[Materials provided — start]

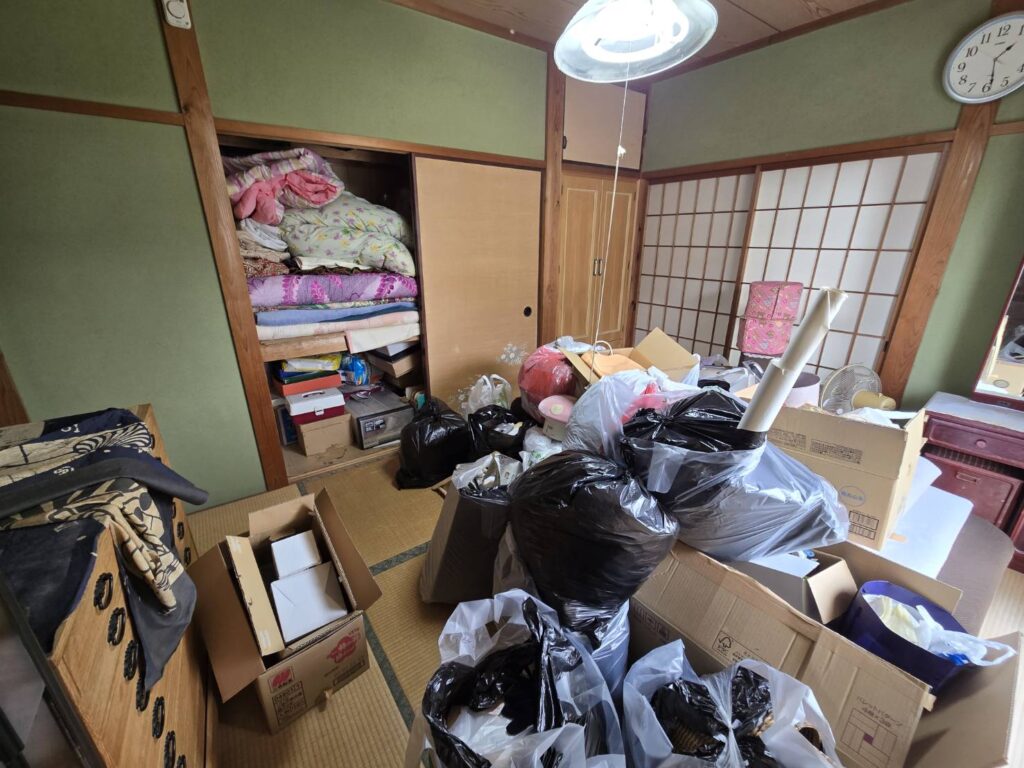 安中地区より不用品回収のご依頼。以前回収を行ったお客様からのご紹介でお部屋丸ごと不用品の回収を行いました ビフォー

[Materials provided — finish]
[Materials provided — start]

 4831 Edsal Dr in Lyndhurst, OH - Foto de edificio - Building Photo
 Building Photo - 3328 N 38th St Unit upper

[Materials provided — finish]

→ Exercise directions
How many of the lines in the records above include the word "Photo"? State that number alone.

→ Result for this exercise
2